Fusion des réseaux, Boursorama, leasing automobile : comment Frédéric Oudéa réinvente Société générale

ENTRETIEN. Société générale revient de loin. Leader sur les activités de marché il y a vingt ans, la banque a subi de plein fouet la crise financière de 2007. Depuis, elle se cherche une stratégie sous la houlette de son directeur général, Frédéric Oudéa. Après des années de rationalisation et de restructurations, le groupe est désormais engagé dans trois grands projets structurants : la banque en ligne avec Boursorama, la fusion des réseaux avec le Crédit du Nord et le rachat de Lease Plan par ALD pour devenir leader dans les solutions de mobilité. Pour La Tribune, Frédéric Oudéa revient sur sa vision de l'évolution du groupe dans les prochaines années dans un univers bancaire en profonde mutation.

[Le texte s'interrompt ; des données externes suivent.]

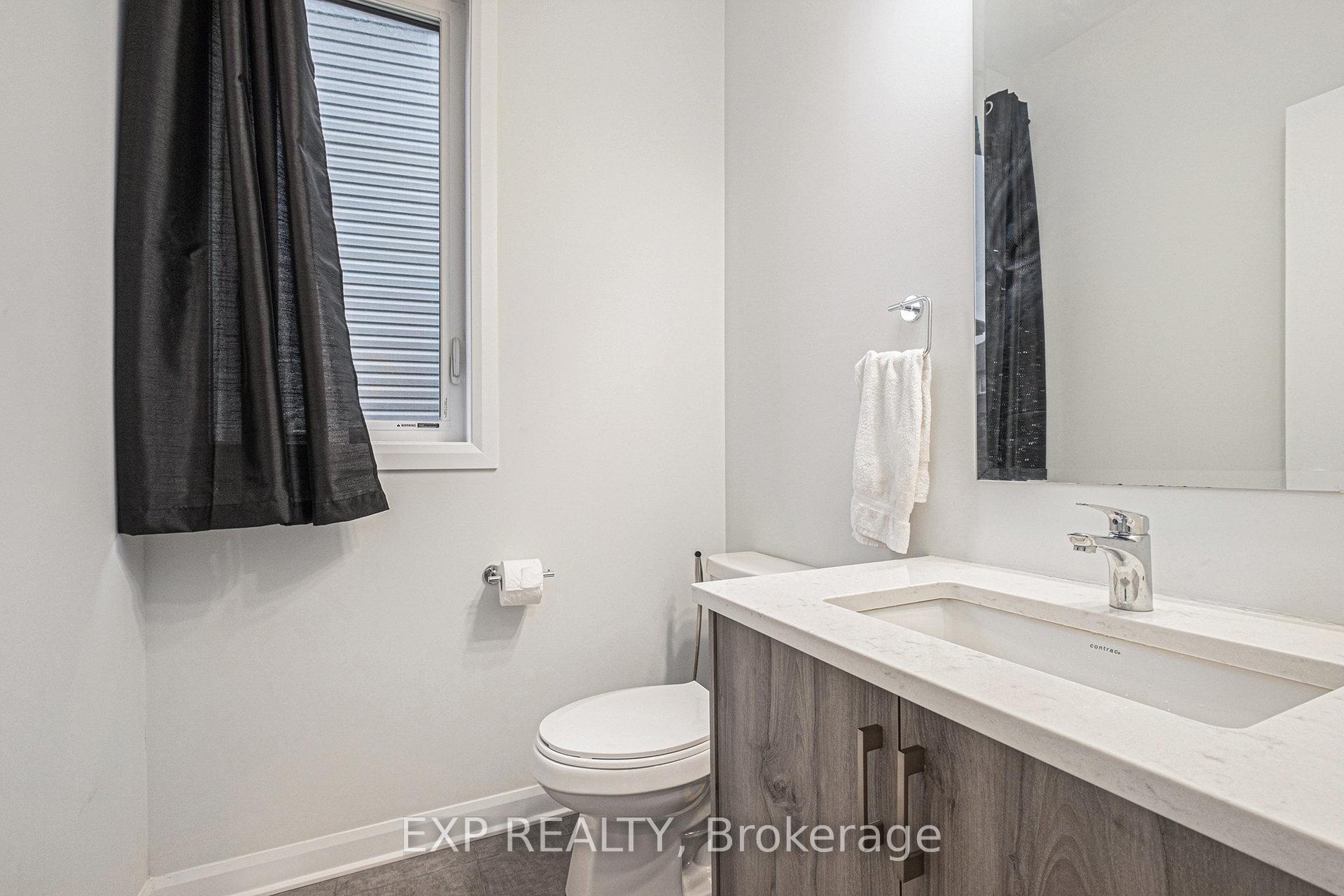 Photo 9 of 528 Anchor Circle, Ottawa, Mahogany Community — HOMEH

Directeur général de Société générale depuis 2008, et à ce titre doyen des dirigeants des grandes banques françaises, Frédéric Oudéa engage une vaste transformation de son groupe.

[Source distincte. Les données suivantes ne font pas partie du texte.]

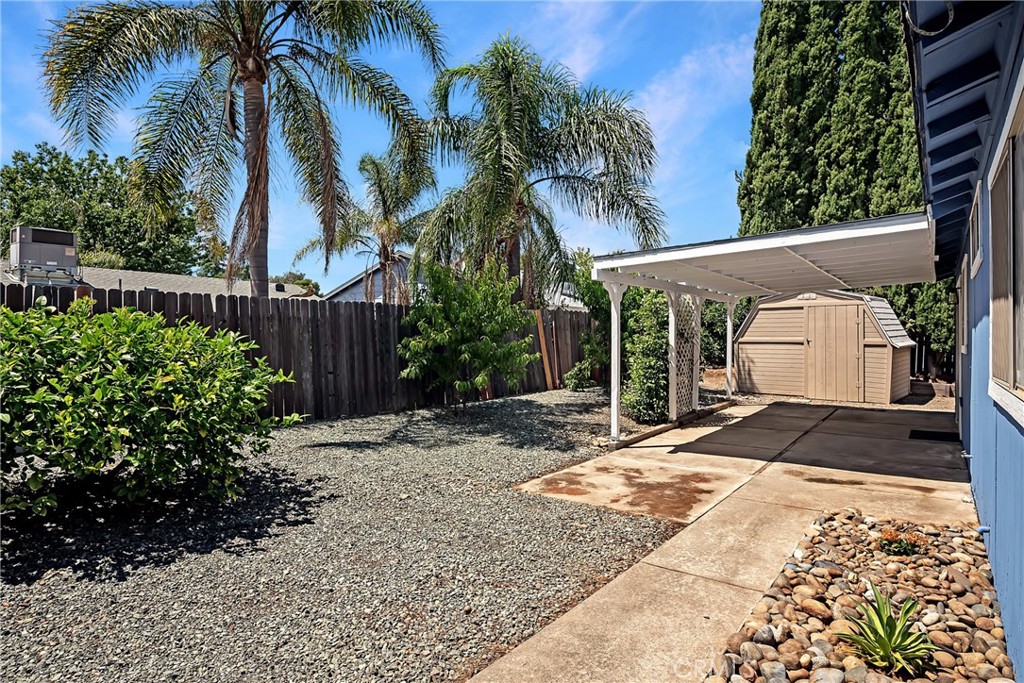 main property photo 23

Directeur général de Société générale depuis 2008, et à ce titre doyen des dirigeants des grandes banques françaises, Frédéric Oudéa engage une vaste transformation de son groupe. (Crédits : DR)

LA TRIBUNE - 2021 aura été une année record pour l'économie mais aussi pour le secteur bancaire. Comment abordez-vous l'année 2022 ?

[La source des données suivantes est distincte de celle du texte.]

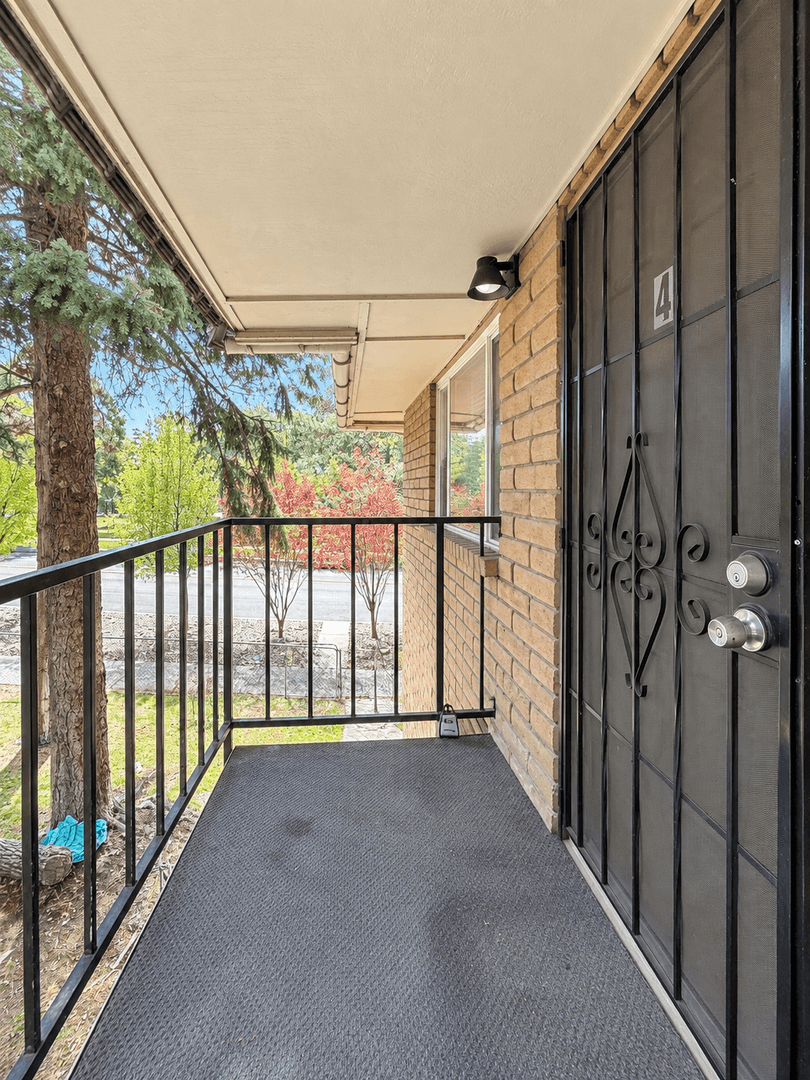 Reno Apartment: 625 University Terrace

FREDERIC OUDEA - En 2021, nous avons vécu un très fort rebond des économies partout dans le monde. Les étoiles étaient donc alignées cette année pour la majorité des secteurs y compris pour le secteur bancaire, malgré la persistance des taux bas, voire négatifs. L'année 2022 s'ouvre avec davantage d'incertitudes. Les économies vont retrouver un rythme de croissance plus normal. Je pense qu'il y aura donc un atterrissage progressif. Les pénuries de matières premières ou de semi-conducteurs vont sans doute se poursuivre. Des tensions sur les salaires émergent ainsi que des pénuries de main-d'œuvre. Il y a des questions sur l'inflation. Retour à la situation d'avant crise sanitaire en 2022 ? Ou nouveau cycle d'inflation élevée ? Je n'ai pas à ce jour de réponse.

Et le risque sanitaire ?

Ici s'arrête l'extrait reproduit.